In PGI CUDA Fortran, data transfers in either direction between the host and device using Fortran assignment statements or the function cudaMemcpy() are blocking transfers; that is, control is returned to the host thread only after the data transfer is complete. The cudaMemcpyAsync() function is a non-blocking variant in which control is returned immediately to the host thread. In contrast with assignment statements or cudaMemcpy(), the asynchronous transfer version requires pinned host memory, and it contains an additional argument, a stream ID. A stream is simply a sequence of operations that are performed in order on the device. Operations in different streams can be interleaved and in some cases overlapped—a property that can be used to hide data transfers between the host and the device.
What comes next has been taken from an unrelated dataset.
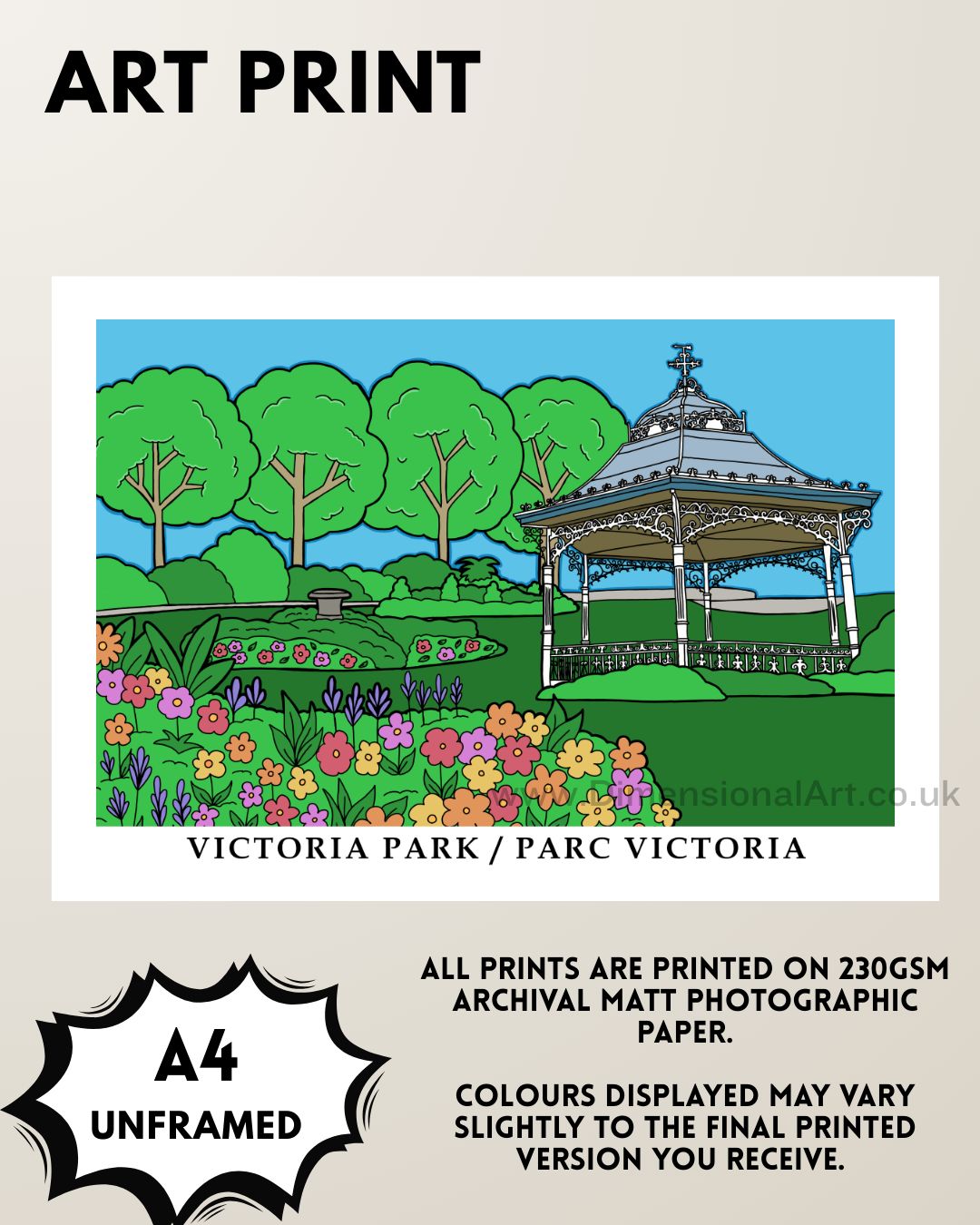 Victoria Park A4 Art Print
Asynchronous transfers enable overlap of data transfers with computation in two different ways. First, on all CUDA-enabled devices, it is possible to overlap host computation with asynchronous data transfers and with device computations. For example, the following code segment demonstrates how host computation in the routine cpuRoutine() is performed while data is transferred to the device and a kernel using the device is executed.

istat = cudaMemcpyAsync(a_d , a , nElements , 0)
call kernel <<<gridSize ,blockSize >>>(a_d)
call cpuRoutine(b)

The first three arguments of cudaMemcpyAsync() are the same as the three arguments to cudaMemcpy. The last argument is the stream ID, which in this case uses the default stream, stream 0. The kernel also uses the default stream, and it will not begin execution until the memory copy completes, therefore, no explicit synchronization is needed. Because the memory copy and the kernel both return control to the host immediately, the host subroutine cpuRoutine() can overlap their execution, although in the above example, the memory copy and kernel execution occur sequentially because they occupy the same stream.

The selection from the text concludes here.